- _Assigned task_: Print every line from the start of the data, and when you reach the line with "Building Photo - 3012 S 101st Dr", include it and stop. Pictures are not part of the copy.

- _Given data_:
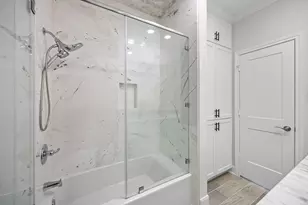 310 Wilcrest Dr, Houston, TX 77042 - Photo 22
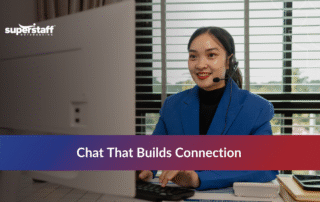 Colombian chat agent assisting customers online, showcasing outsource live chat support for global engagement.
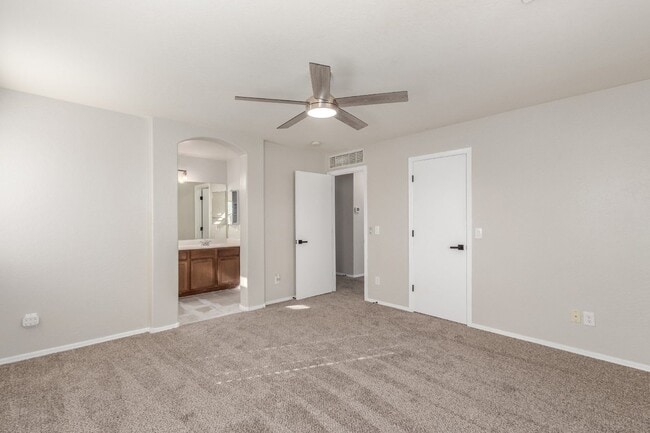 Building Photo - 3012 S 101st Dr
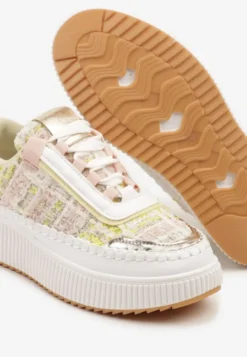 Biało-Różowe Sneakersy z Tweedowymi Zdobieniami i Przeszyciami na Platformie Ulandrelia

- _Result below_:
 310 Wilcrest Dr, Houston, TX 77042 - Photo 22
 Colombian chat agent assisting customers online, showcasing outsource live chat support for global engagement.
 Building Photo - 3012 S 101st Dr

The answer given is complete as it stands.